Peat Bogs and Pwca Tribes.

Bogland, Hay Bluff to Waunfach. Photo by me.

Is it possible to forge a new kind of relationship with the ecological community we in English call, perhaps, unceremoniously, peat bog?

Here in cool Britannic islands, peat has been forming since the last Ice Age, when luminous green mosses took over the quagmire. Fibrous layers of arrested entropy are fuelled by the surfacing of a froth of bryophytes, metabolizing through an exchange of oxygen with carbon dioxide, sunshine for sugar, nutrients, bacteria, and plenty of water. As each generation and their symbiotic partners die down, the decay is slow but sure in locking in carbon. Like snow transforms to glaciers, the dead are pressed down by the weight of the living into an airless solidity. If locked under rocks for millions of years, this is the stuff of crude oil.

At a tender accumulation of just 1mm per year, the process is slower than slow. In the slow period of human evolution, cutting peat to burn and grow food seemed just a nibble around the edges. But now, in full Anthropomode, the extraction is leviathan; industrialized, packaged, and shipped in plastic wraps to a peak of ignorance.

Peat bogs, high and low across continents, are keystone ecosystems in the slowing of the flow of planetary carbon. The absorptions are remarkable, storing more than all other vegetation communities in the world, combined (IUCN). At 6% of the total anthropogenic greenhouse gas emissions into the atmosphere, their degradation has a profound effect on warming.

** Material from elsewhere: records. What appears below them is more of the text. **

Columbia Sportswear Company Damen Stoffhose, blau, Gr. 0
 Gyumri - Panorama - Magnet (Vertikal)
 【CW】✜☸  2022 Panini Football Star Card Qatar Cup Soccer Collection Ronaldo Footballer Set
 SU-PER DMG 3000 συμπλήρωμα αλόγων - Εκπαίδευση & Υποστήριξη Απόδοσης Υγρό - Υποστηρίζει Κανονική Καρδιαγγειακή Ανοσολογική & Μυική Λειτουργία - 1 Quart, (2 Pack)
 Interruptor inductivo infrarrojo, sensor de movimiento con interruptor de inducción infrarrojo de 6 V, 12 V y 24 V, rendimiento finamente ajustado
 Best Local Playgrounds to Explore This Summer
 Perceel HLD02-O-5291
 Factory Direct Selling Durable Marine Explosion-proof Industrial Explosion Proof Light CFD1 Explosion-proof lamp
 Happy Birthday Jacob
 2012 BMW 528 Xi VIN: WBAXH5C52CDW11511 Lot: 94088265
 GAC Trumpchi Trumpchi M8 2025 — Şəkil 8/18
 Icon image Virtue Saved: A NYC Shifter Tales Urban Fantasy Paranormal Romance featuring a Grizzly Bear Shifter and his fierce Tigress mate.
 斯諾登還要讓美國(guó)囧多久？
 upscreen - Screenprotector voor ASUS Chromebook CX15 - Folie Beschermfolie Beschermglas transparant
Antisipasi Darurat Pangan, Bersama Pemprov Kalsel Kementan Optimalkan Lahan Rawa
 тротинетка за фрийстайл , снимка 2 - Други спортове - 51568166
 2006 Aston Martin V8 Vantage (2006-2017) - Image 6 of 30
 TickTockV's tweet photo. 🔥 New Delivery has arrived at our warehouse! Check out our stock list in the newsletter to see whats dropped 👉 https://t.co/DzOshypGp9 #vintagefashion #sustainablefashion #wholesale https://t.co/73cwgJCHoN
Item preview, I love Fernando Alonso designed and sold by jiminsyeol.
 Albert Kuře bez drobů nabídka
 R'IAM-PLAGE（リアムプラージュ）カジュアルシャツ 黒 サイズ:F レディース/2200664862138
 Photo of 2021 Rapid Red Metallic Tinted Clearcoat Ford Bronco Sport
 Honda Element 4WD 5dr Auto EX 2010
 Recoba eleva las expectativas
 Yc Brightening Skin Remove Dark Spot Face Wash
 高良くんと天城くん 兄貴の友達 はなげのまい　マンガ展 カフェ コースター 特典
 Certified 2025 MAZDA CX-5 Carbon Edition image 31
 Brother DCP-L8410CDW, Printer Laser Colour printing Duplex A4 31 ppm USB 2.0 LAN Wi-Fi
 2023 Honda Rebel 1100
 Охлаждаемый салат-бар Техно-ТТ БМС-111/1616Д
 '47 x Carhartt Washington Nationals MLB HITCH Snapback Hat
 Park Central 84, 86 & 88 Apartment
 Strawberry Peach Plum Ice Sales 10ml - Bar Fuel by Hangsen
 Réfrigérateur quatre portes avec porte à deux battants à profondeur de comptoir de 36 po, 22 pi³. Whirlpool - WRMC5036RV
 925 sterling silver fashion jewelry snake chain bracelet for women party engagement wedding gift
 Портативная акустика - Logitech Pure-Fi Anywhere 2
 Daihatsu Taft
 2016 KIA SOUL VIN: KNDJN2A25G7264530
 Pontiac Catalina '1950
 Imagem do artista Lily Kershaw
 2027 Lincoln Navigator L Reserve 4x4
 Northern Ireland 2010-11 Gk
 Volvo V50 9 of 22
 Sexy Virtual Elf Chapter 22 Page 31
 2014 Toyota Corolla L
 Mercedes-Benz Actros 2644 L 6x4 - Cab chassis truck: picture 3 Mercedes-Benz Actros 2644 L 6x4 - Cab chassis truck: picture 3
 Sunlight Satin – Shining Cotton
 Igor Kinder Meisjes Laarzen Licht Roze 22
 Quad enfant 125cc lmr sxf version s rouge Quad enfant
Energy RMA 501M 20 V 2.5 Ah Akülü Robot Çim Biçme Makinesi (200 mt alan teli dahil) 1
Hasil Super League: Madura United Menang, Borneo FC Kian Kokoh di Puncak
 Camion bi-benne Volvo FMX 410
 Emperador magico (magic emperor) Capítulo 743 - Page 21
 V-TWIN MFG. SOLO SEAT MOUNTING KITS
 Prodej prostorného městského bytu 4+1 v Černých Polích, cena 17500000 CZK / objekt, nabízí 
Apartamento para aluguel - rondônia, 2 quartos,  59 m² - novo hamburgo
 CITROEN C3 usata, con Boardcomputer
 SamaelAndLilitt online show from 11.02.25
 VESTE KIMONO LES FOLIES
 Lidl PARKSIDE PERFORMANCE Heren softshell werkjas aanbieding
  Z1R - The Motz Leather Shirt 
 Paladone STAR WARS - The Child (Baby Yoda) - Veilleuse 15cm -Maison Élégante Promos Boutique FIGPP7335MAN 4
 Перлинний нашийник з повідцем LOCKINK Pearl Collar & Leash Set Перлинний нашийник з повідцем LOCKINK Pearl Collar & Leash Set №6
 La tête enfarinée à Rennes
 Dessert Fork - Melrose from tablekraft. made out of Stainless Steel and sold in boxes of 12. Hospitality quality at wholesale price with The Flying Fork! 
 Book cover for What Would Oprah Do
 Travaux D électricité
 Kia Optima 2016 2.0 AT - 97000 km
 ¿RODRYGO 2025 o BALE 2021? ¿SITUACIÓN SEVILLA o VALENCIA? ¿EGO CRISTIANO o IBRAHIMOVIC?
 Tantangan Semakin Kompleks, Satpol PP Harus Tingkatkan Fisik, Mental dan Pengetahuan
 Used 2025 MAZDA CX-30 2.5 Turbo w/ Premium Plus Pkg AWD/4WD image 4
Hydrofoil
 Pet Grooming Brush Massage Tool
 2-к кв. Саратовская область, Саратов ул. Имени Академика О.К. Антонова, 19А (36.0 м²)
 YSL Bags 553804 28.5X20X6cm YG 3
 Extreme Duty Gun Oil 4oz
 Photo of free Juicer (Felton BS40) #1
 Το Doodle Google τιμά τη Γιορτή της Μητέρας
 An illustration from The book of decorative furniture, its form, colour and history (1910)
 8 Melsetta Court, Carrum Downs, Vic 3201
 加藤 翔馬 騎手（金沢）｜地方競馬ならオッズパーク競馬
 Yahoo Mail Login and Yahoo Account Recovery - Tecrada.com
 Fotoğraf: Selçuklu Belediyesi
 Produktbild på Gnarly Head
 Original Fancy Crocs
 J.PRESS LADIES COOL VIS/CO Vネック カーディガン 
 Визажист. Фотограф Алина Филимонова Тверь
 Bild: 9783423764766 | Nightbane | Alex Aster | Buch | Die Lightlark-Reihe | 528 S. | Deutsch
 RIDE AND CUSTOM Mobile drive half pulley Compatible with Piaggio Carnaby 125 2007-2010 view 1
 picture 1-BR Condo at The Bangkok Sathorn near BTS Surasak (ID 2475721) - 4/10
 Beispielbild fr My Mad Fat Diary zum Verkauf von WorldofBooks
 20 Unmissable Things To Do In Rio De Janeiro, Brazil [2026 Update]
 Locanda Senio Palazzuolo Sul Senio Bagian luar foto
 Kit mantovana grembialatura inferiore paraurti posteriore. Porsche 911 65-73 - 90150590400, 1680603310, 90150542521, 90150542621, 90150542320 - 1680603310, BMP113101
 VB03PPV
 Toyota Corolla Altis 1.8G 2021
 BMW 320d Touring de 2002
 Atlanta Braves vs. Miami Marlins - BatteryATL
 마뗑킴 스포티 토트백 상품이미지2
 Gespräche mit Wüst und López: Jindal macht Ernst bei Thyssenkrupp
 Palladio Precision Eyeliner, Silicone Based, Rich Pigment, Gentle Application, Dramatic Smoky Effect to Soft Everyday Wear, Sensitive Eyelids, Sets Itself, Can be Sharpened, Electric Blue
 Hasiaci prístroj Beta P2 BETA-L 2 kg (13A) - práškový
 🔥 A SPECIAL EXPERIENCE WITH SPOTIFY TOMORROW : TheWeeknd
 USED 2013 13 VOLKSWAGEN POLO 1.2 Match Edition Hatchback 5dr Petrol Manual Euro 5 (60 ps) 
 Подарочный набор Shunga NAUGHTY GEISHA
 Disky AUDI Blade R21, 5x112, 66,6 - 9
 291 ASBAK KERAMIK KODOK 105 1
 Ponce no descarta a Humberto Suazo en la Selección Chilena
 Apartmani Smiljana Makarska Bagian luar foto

As with all living systems classified in English, the words “peat” and “bog” together seem somewhat inadequate in describing the exquisite symbiosis and delicate processes of interconnectedness in these places ~ the kind of life-love I call Fluminism. These processes, in the name of a tiny minority of humans earning a living, are now being destroyed like there’s no tomorrow; cut, ploughed, burned, dried, stolen, degraded, and eroded. The critical second law of thermodynamics in living systems, otherwise known as entropy, is unleashed. A steadier state of life-creating disequilibrium (Margulis/Lovelock) becomes a gaping hole of profound loss.

Sphagnum Moss. Photo by me.

If ever there was a time when we ought to value natural processes capable of locking millions of tons of carbon into the ground, it’s now.

The invaluable emerald and gold communities of mossy production, which required such a delicate intersection of topographic, geochemical, climatic, and biological variabilities to begin, are vanishing.

An increase in entropy accounts for the irreversibility of such natural processes, an asymmetry in states from past to future ~ and in some cases the changes are irreversible. Even the hoof-fall of a flock of sheep can sear through a peat bog, triggering expanding evaporation of moisture that will degrade this ancient semi-closed system.

Globally, human cultures have aligned these atmospheric places of slow carbon burial with ghostly mythologies, perhaps a subconscious, spiritual warning to keep our ancestors from ruining these critical ecosystems. They are deemed eerie, often misty by the nature of transpiration of wetlands as if belonging only to lost souls and fuzzy apparitions.

Partly responsible are the will-o’-the-wisps or the ignis fatuus (giddy flames), documented and told in stories by many different human cultures around the globe. The Welsh, for instance, traditionally described the light as Fairy Fire held in the hands of mischievous goblin-fairies or nature sprites (think of William Shakespeare’s Puck) named Pwca*, who would mesmerize and lure travellers off their paths, only to extinguish the flames and leave folk abandoned and utterly lost.

We modern folk of the Westernish have forsaken such myths in favour of science and concluded the oxidation of phosphine, diphosphine and methane can cause photon emissions that can also ignite on contact with oxygen in the air. If there are bubbles of methane about, these too can ignite, and all the myths and hocus pocus are burned up into the atmosphere along with reverence and fear.

I cannot seriously suggest that conjuring a new state of fear for the precious and vibrant matter (Jane Bennett) of peat bogs will save them. But maybe love, reverence and celebration could.

When all the most technical minds are searching for ways of trapping carbon from the atmosphere, it seems utterly foolish to ignore the sphagnum mosses and their partners as a true commonwealth in the slowing, dampening, and sequestration of dangerous climate change. Maybe we can begin by joining together to form a Union of Concerned Peat Bog Lovers, or The Great Sphagnum Mossites, the Emerald and Golds, or simply The Pwca Tribe, to write and tell stories about the magnificence of the processes involved, to create an annual Festival of learning near each place, and to take time to join in reverence, celebration and protection.

Suggestions welcome, as always.


*It is thought Shakespeare may have learned of local Welsh folklore from a friend Richard Price of the priory of Brecon. Could Cwm Pwca and the beautiful Clydach Gorge be the original setting for Midsummer’s Night’s Dream?